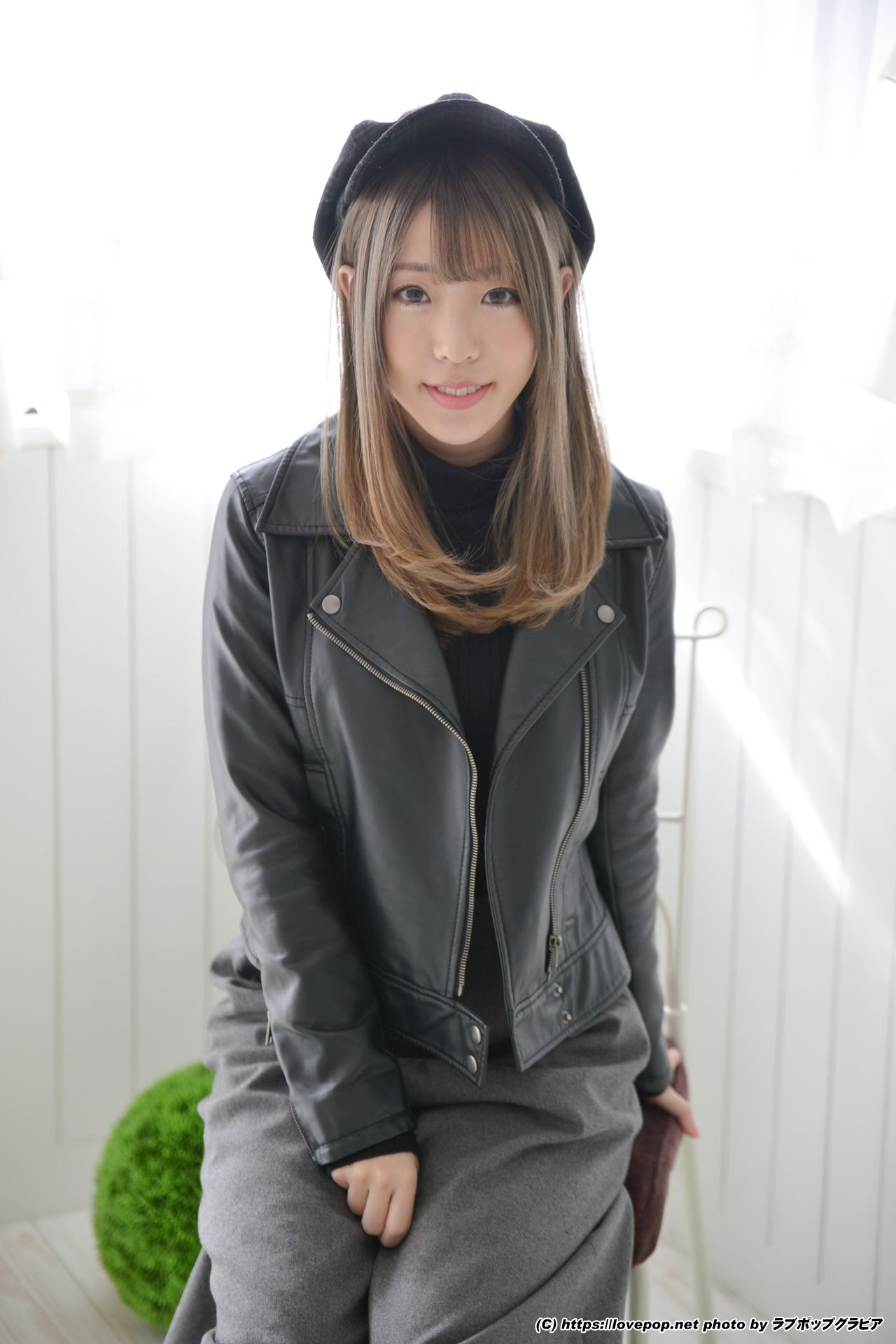[LOVEPOP] Mizuho Shiraishi 白石みずほ Photoset 04_第1张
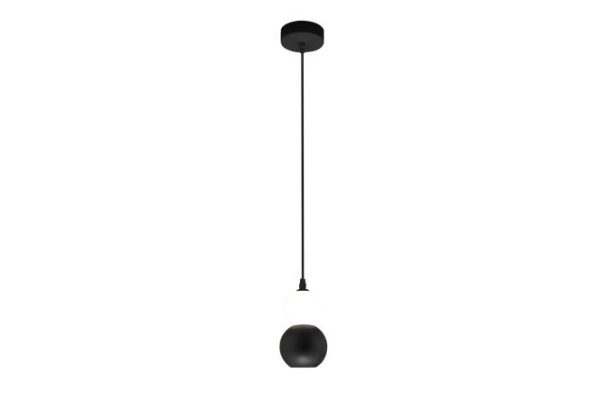 Светильник подвесной EUROSVET Polar 2 кв.м., 10х25х10 см, LED
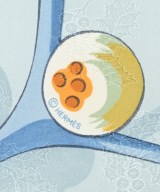 HERMES（エルメス）バンダナ・スカーフ グレー サイズ:90 レディース/2200650020146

**WHAT TO PRODUCE**
Copy out all the data exactly. No images belong in the copy.

**EXERCISE ANSWER**
[LOVEPOP] Mizuho Shiraishi 白石みずほ Photoset 04_第1张
 Светильник подвесной EUROSVET Polar 2 кв.м., 10х25х10 см, LED
 HERMES（エルメス）バンダナ・スカーフ グレー サイズ:90 レディース/2200650020146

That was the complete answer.